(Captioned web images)
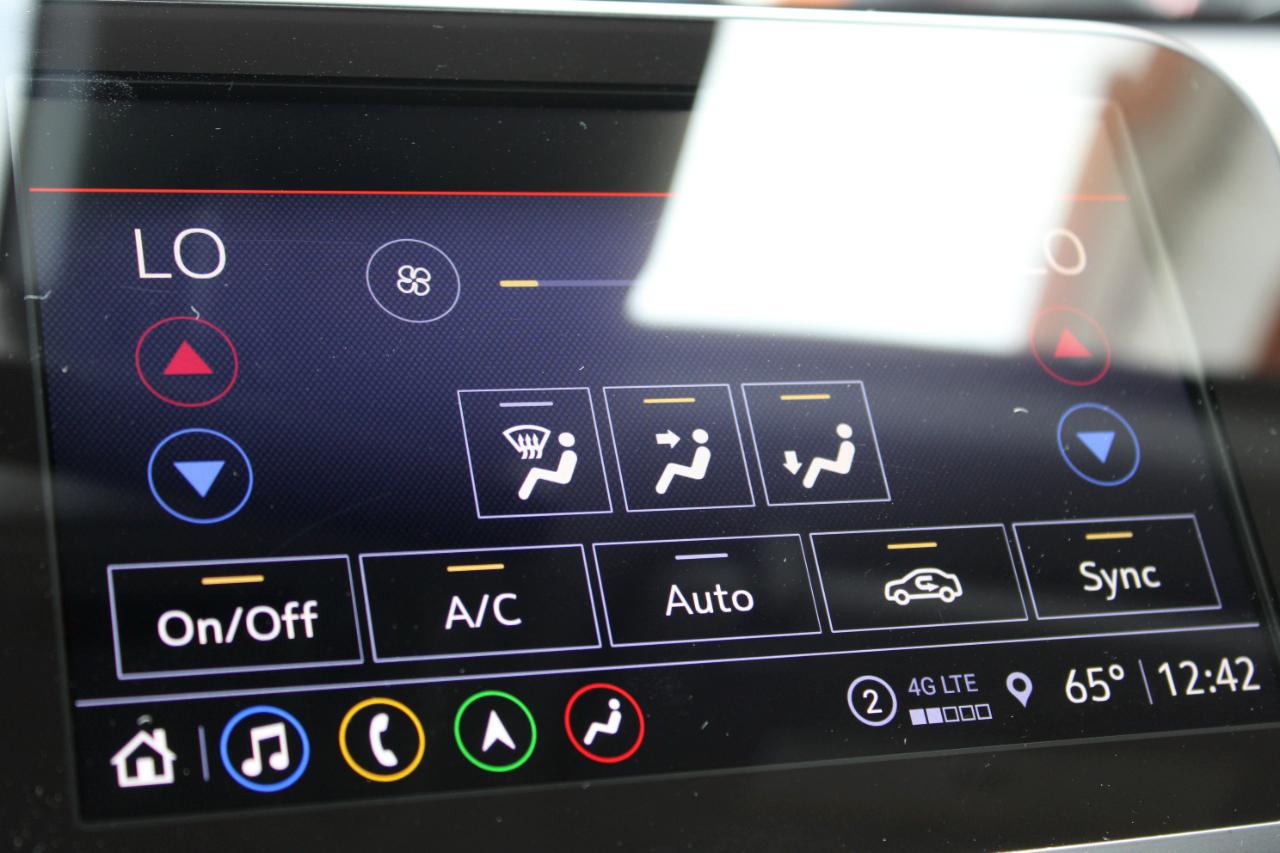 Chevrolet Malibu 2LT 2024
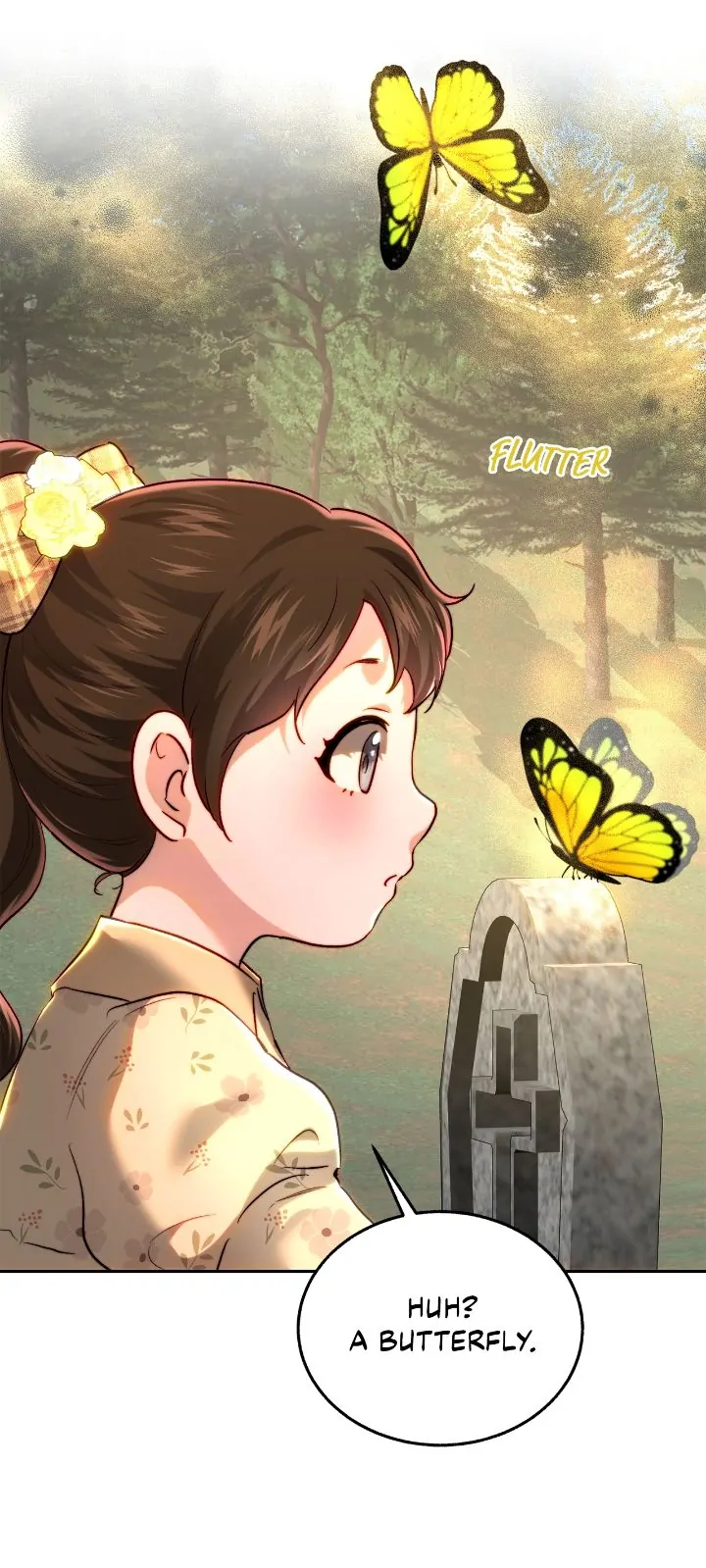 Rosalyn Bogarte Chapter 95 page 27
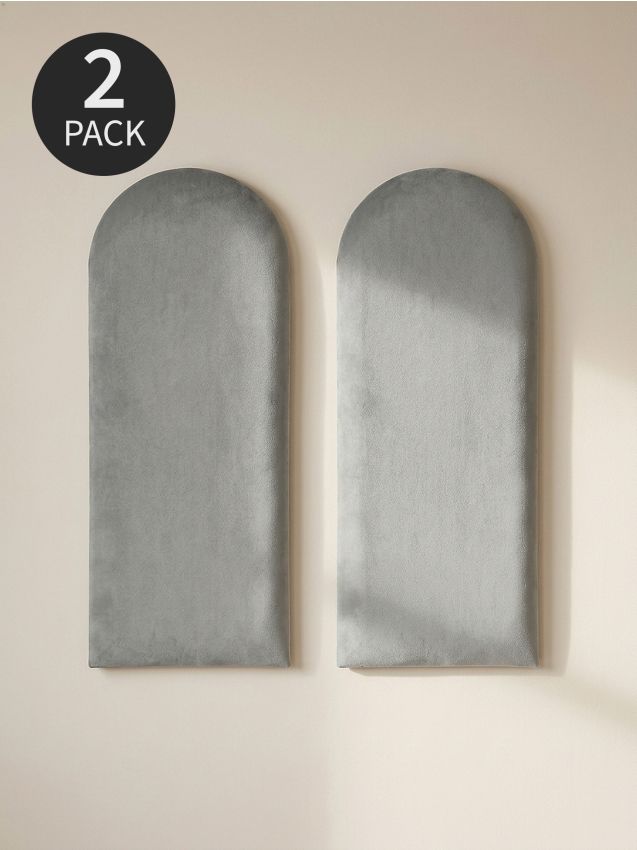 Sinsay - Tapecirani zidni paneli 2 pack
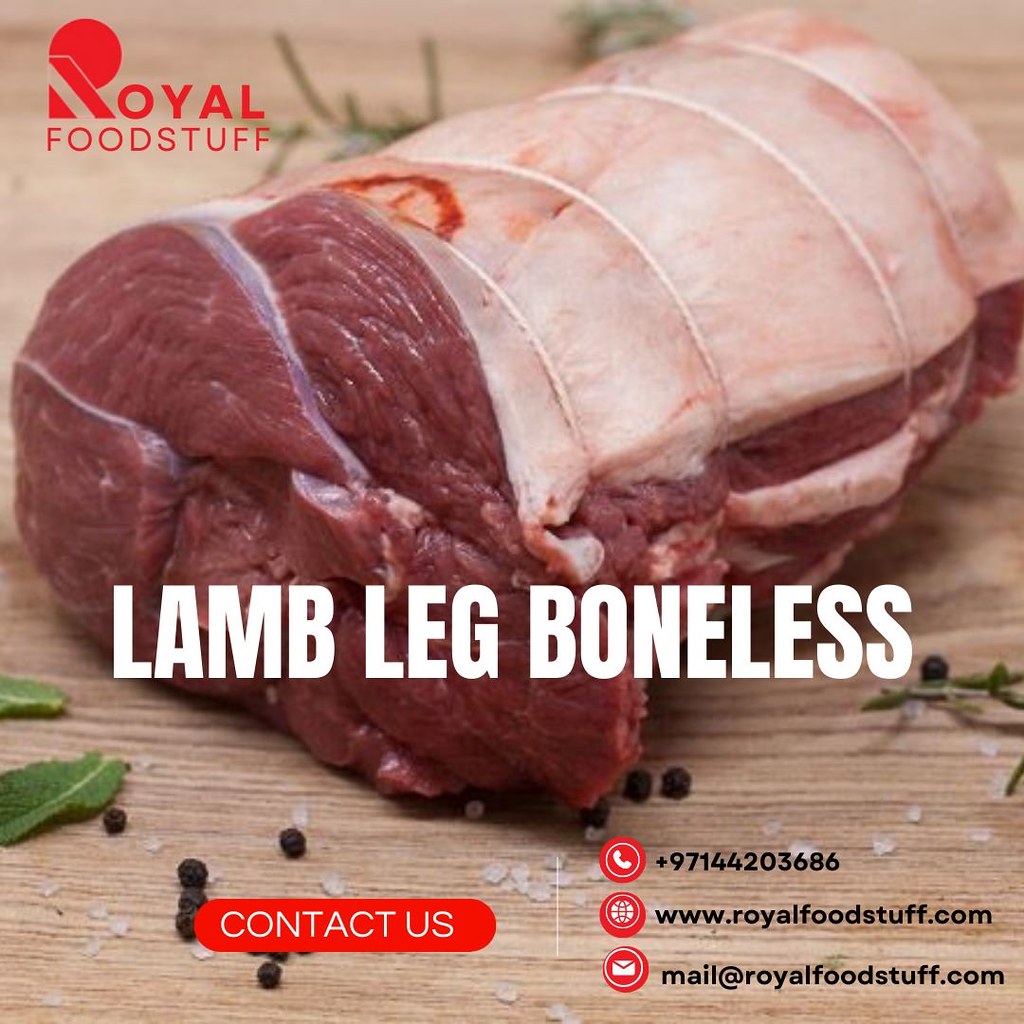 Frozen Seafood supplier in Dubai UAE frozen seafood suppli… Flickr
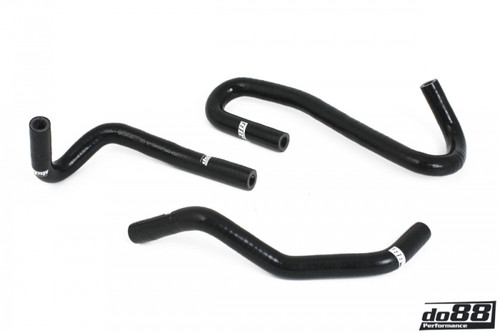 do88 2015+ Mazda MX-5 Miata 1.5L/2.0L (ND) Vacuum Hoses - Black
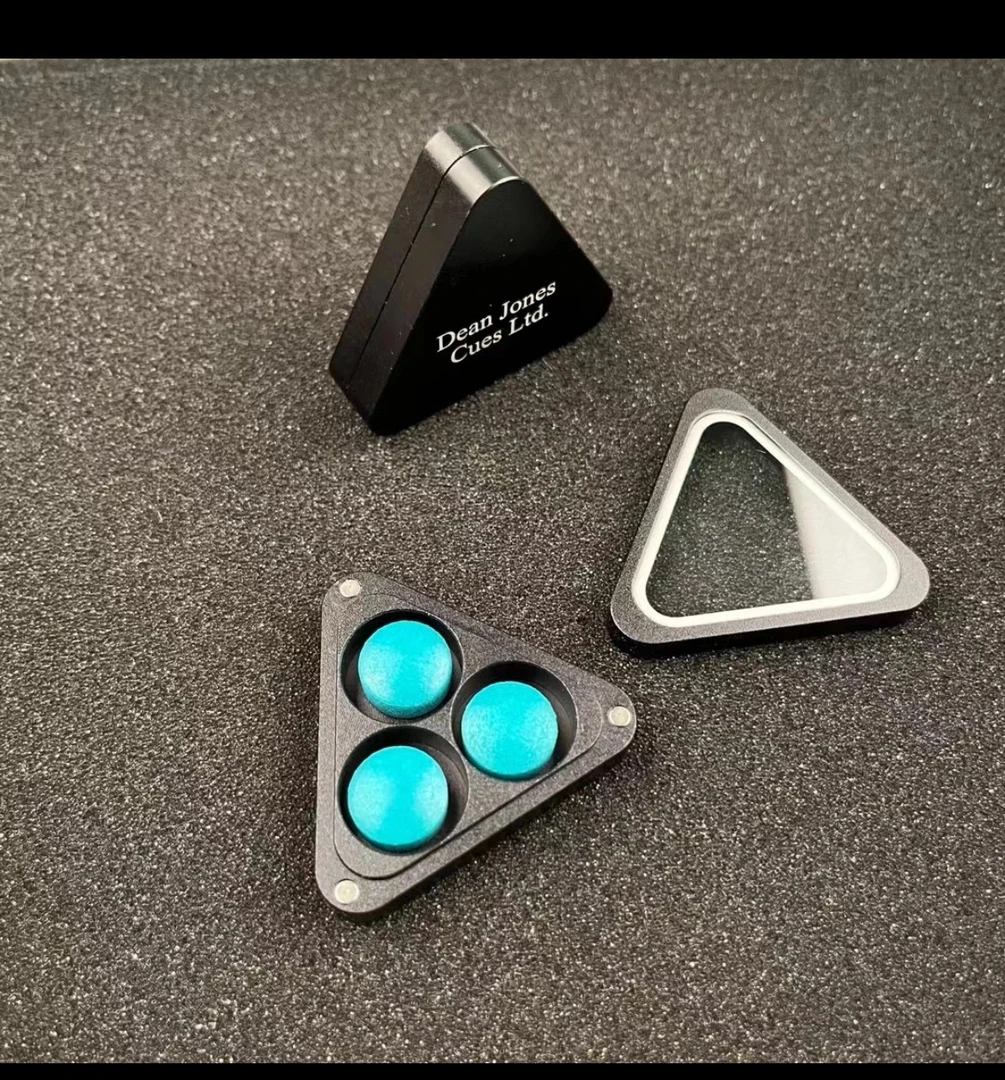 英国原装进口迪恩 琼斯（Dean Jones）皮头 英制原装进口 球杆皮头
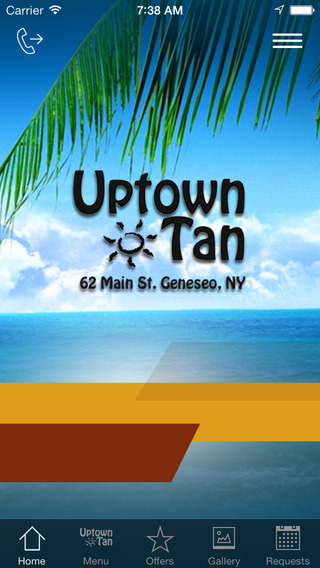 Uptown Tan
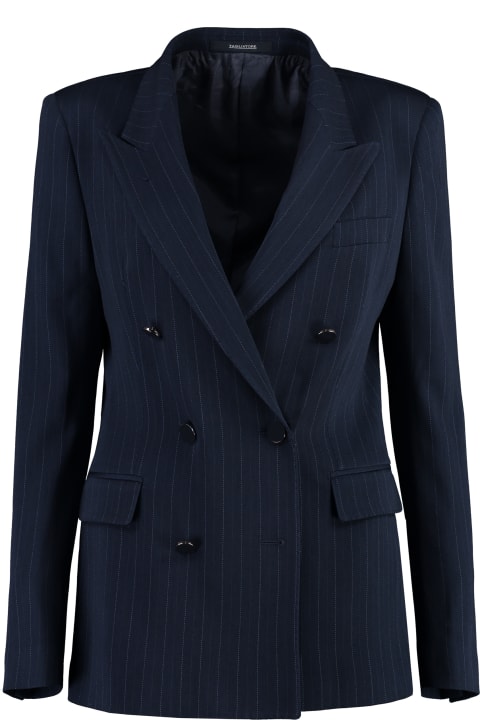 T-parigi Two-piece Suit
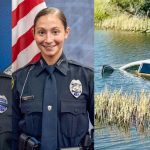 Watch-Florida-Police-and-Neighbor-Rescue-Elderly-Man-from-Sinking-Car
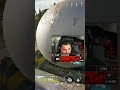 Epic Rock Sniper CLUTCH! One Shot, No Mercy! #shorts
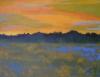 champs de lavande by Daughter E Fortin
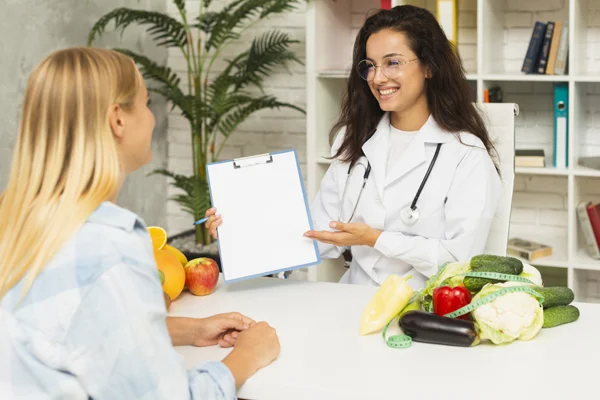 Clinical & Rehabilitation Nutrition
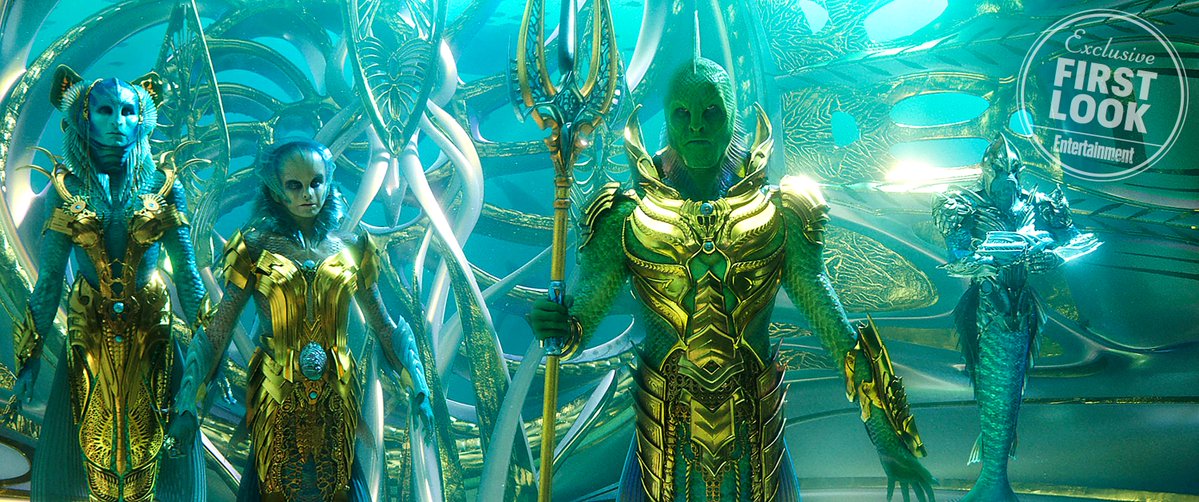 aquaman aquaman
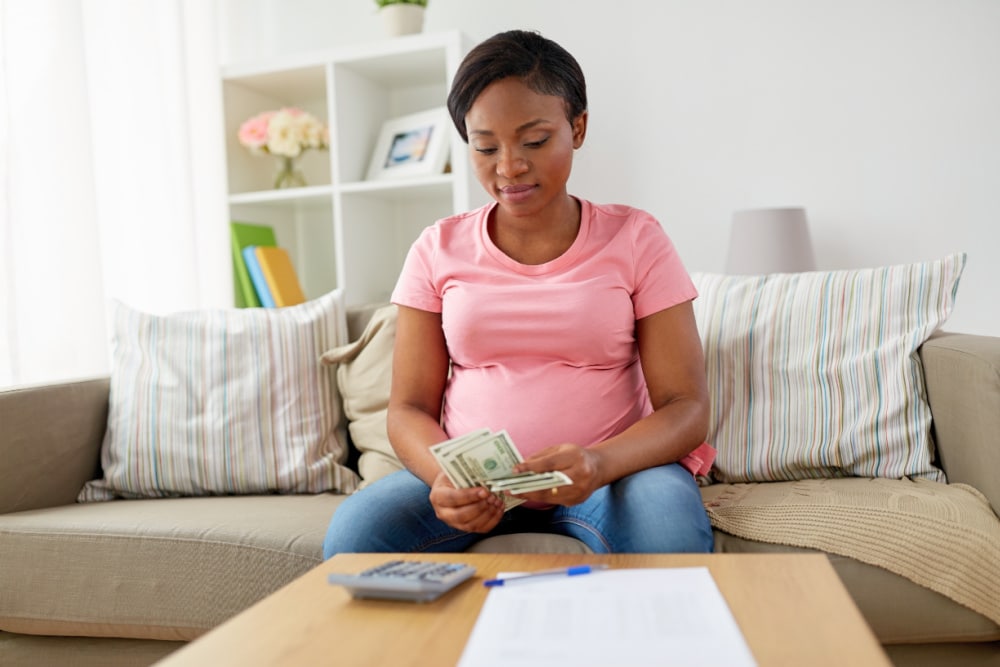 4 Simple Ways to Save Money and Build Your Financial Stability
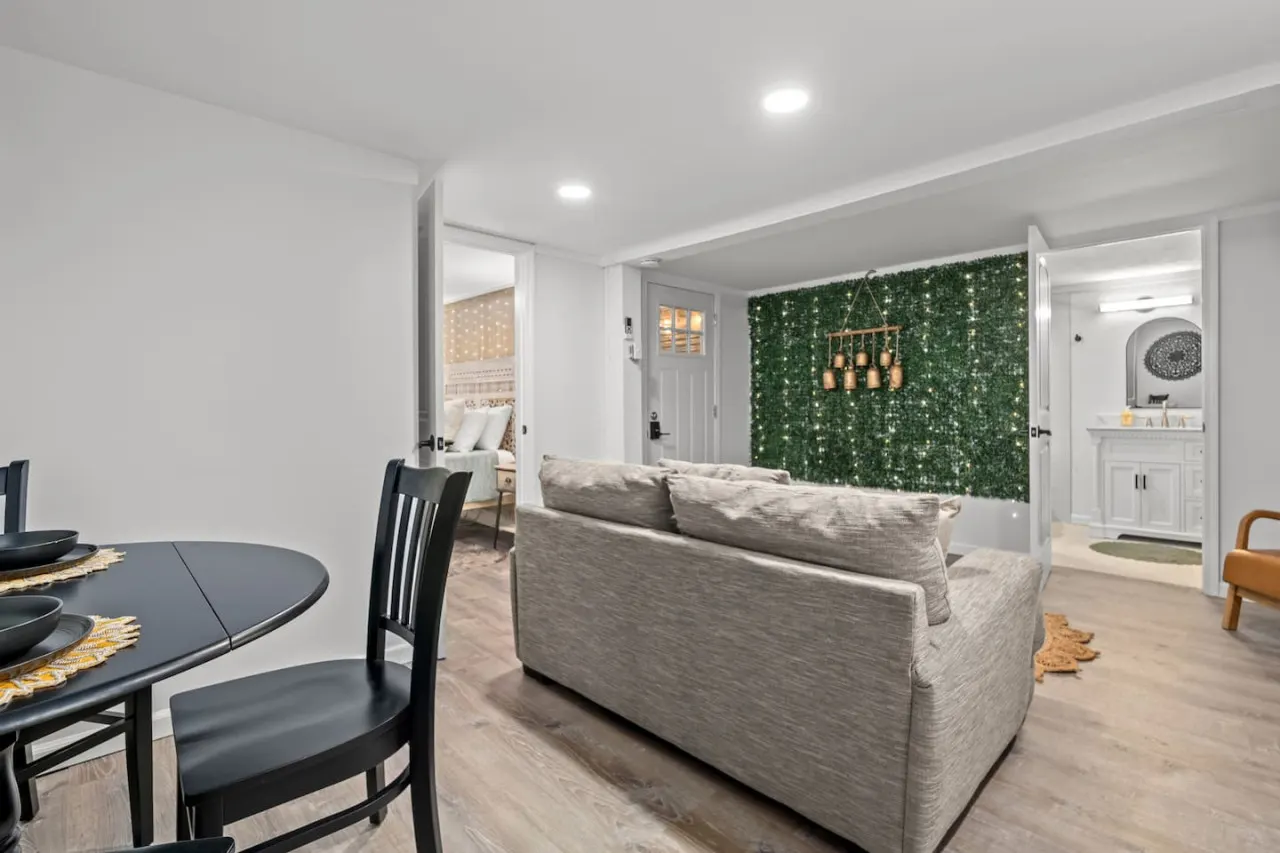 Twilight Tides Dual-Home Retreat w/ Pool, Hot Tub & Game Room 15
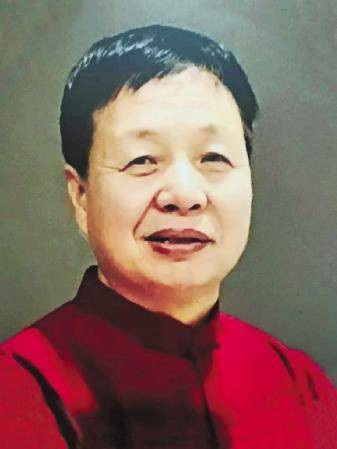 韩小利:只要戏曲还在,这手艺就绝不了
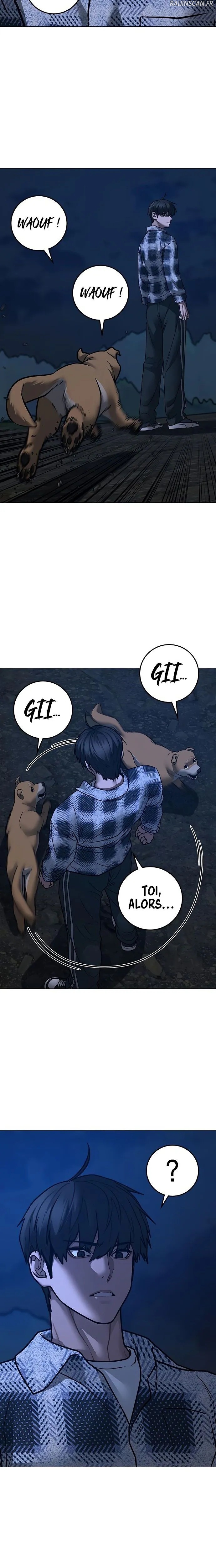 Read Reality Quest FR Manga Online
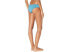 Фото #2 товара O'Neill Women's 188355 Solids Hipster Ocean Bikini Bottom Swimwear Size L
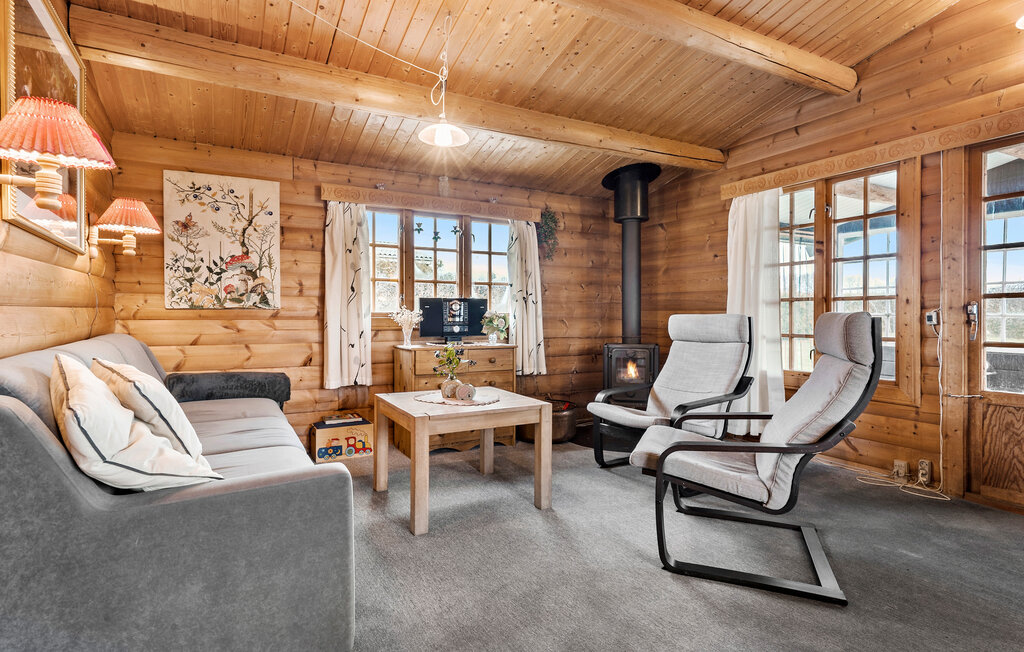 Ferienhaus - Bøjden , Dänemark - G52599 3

§ Task goal: The pictures stay out; repeat exactly the lines from the one with "Frozen Seafood supplier" to the end of the entries above, and nothing else.

§ Solution:
 Frozen Seafood supplier in Dubai UAE frozen seafood suppli… Flickr
 do88 2015+ Mazda MX-5 Miata 1.5L/2.0L (ND) Vacuum Hoses - Black
 英国原装进口迪恩 琼斯（Dean Jones）皮头 英制原装进口 球杆皮头
 Uptown Tan
 T-parigi Two-piece Suit
 Watch-Florida-Police-and-Neighbor-Rescue-Elderly-Man-from-Sinking-Car
 Epic Rock Sniper CLUTCH! One Shot, No Mercy! #shorts
 champs de lavande by Daughter E Fortin
 Clinical & Rehabilitation Nutrition
 aquaman aquaman
 4 Simple Ways to Save Money and Build Your Financial Stability
 Twilight Tides Dual-Home Retreat w/ Pool, Hot Tub & Game Room 15
 韩小利:只要戏曲还在,这手艺就绝不了
 Read Reality Quest FR Manga Online
 Фото #2 товара O'Neill Women's 188355 Solids Hipster Ocean Bikini Bottom Swimwear Size L
 Ferienhaus - Bøjden , Dänemark - G52599 3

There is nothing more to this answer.